Things are looking up for the yellow-tailed woolly monkey, thanks to its human neighbours.
Things are looking up for the yellow-tailed woolly monkey, thanks to its human neighbours.
Photo: Andrew Walmsley

A critically endangered species of monkey is flourishing, thanks to the combined efforts of local communities and a conservation charity in Peru.

Neotropical Primate Conservation (NPC) has worked in Yambrasbamba to protect the yellow-tailed woolly monkey, which was facing extinction, since 2007. In the last five years, the monkey population has risen 30 per cent. The charity puts its success down to the partnerships it has forged with local villagers, who have pledged to control hunting and forest clearance.

‘Local people understand environmental problems from their own first-hand experiences,’ says Noga Shanee, co-founder of the small charity. ‘They are putting in a huge amount of effort, spending the little money they have, and even risking their own lives to conserve their forests and the yellow-tailed woolly monkey, because they find it the right and moral thing to do.
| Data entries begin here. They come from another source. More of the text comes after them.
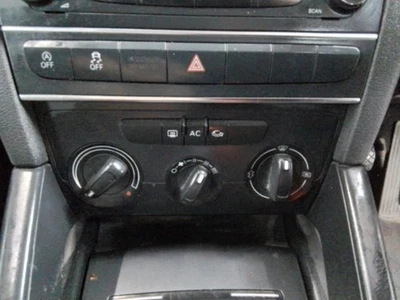 HEATING SWITCHES AUDI A3 MK2 FL (8P) (A5) 2003 TO 2013 TDI SE - Image 1 of 4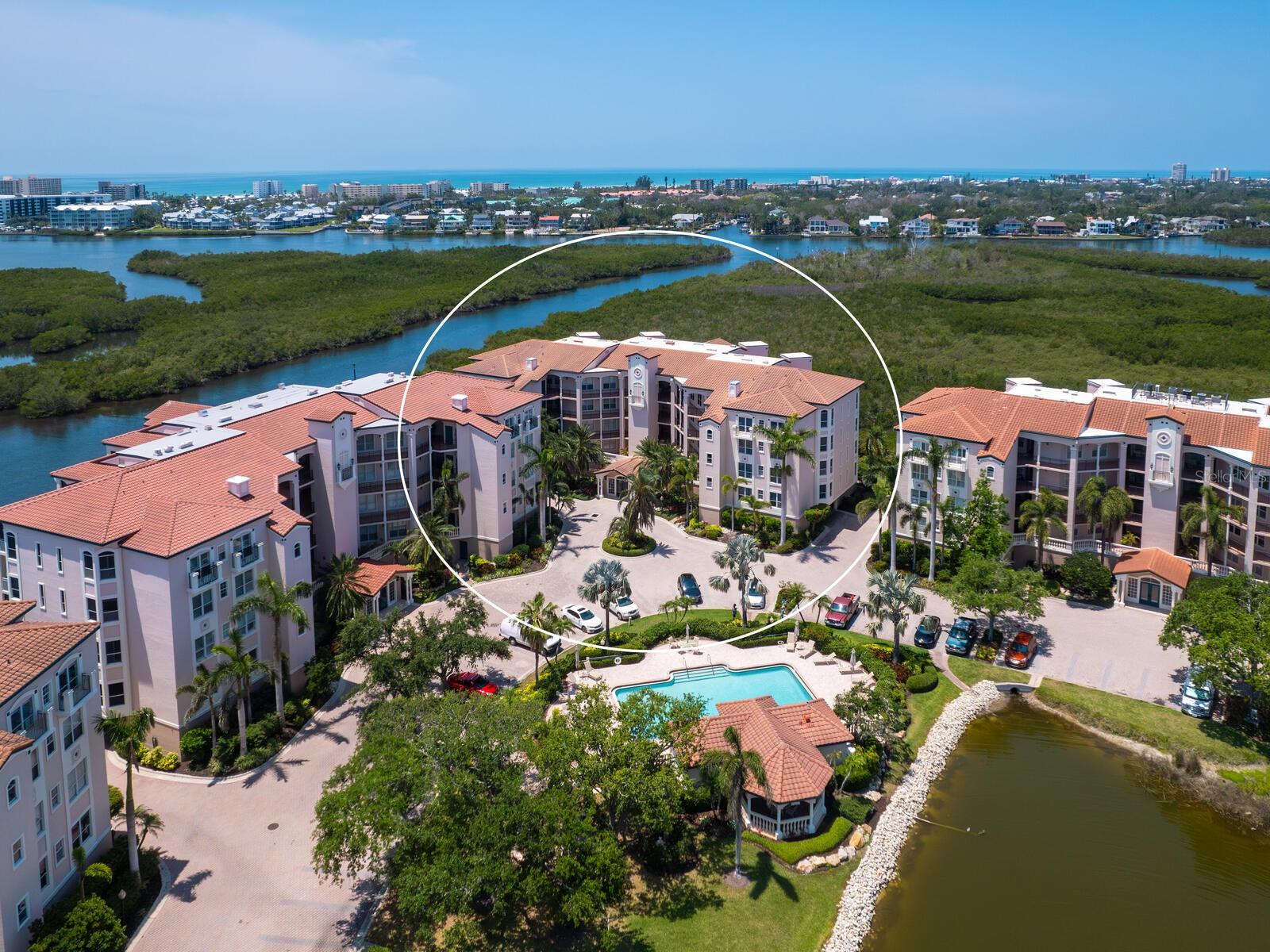 5430 Eagles Point Cir #101, Sarasota, FL 34231
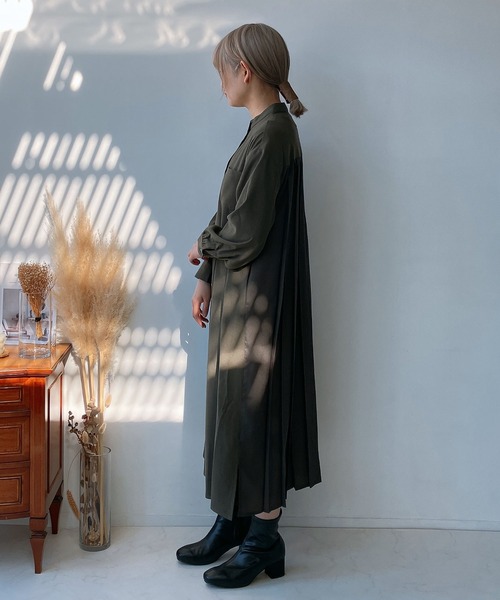 AS KNOW AS plus（アズノゥアズプラス）の「☆プリーツ切り替えシャツワンピ―ス（ワンピース・レディース・ブラック/イエロー系/カーキ・FREE）」の10枚目の写真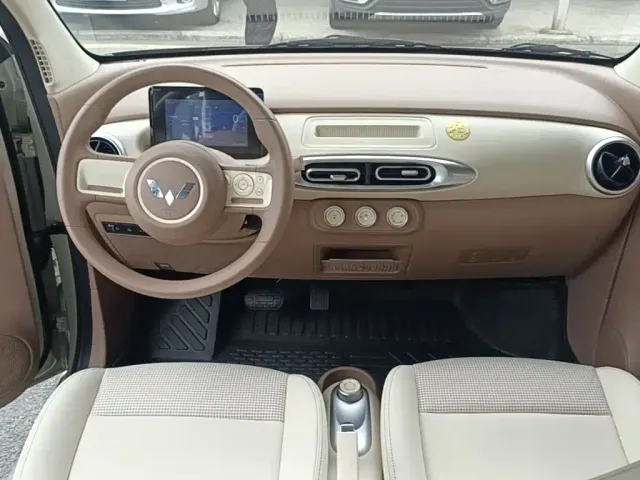 Wuling Hongguang Mini EV — Фото автомобиля 9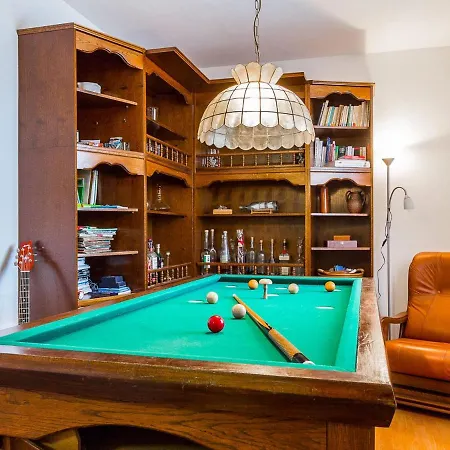 Spacious In With Pool Holiday home *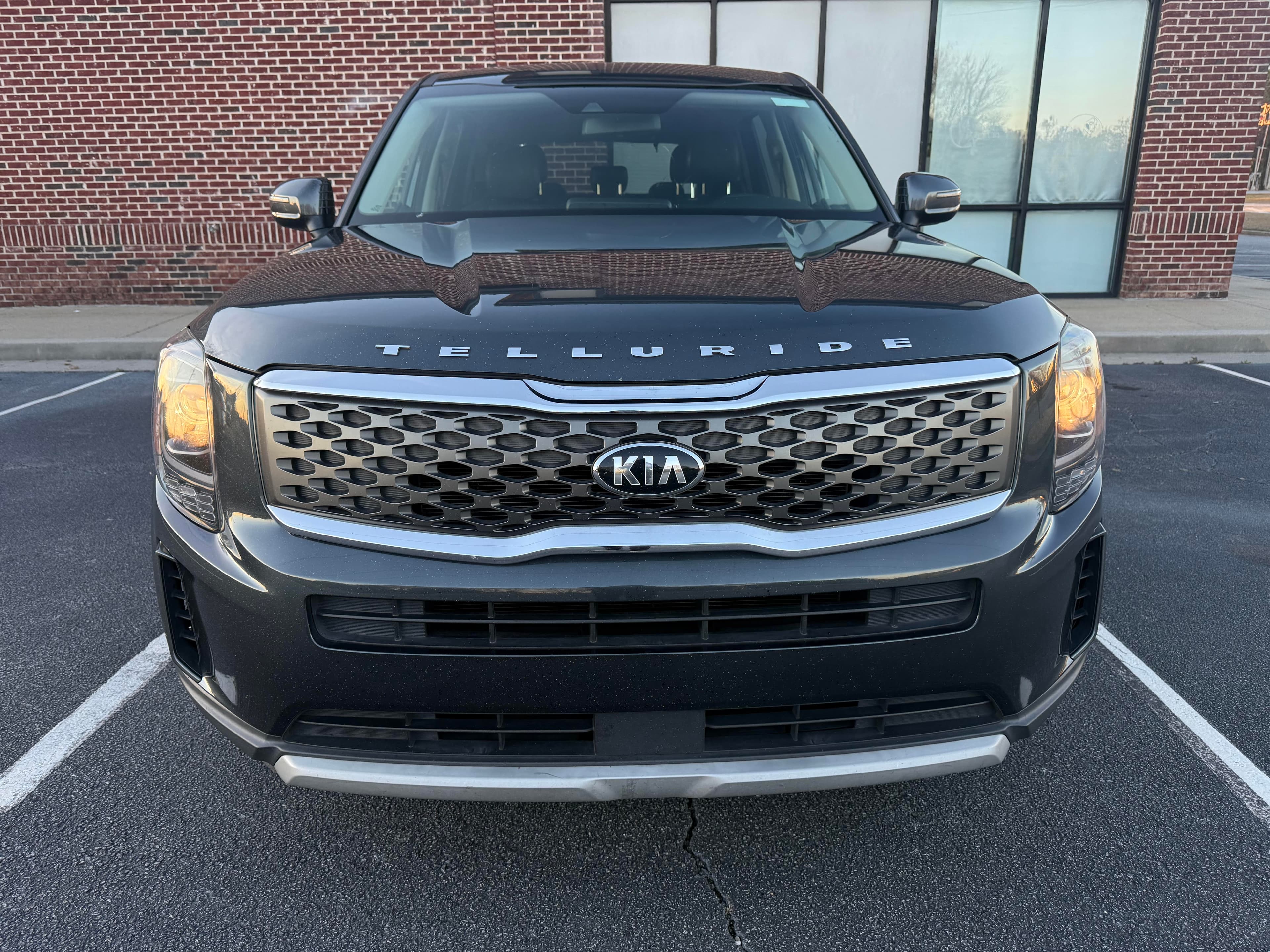2020 Kia Telluride Lx - Thumbnail 3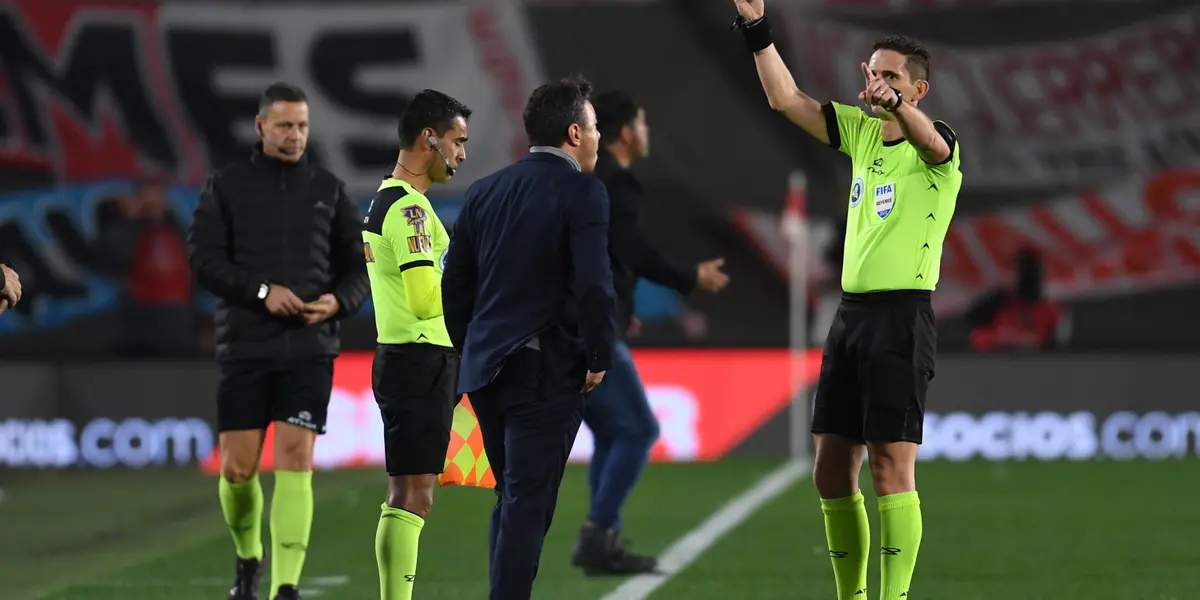 El Muñeco perdió la compostura e insultó en el final al árbitro, Lamolina.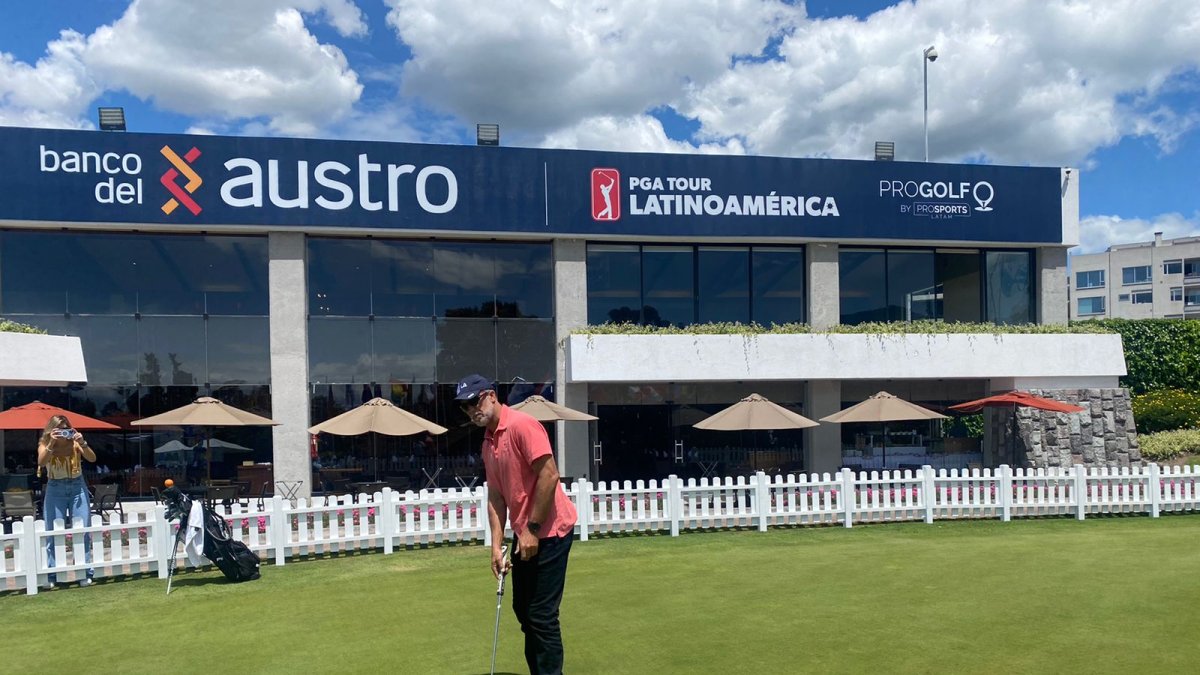 Gabriel Batistuta cambió la pelota de fútbol por la de golf. Aunque no es profesional, disfruta con cada buen golpe.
‘Conservation priorities are often dictated by large NGOs with huge funds that are largely used to cover offices and staff, but in many cases maintain little connection with, or understanding of, conservation problems in their local context,’ she explains. ‘If we really want to preserve the world’s dying biodiversity, we must aspire to a much more egalitarian and efficient conservation, through smaller on-the-ground projects.’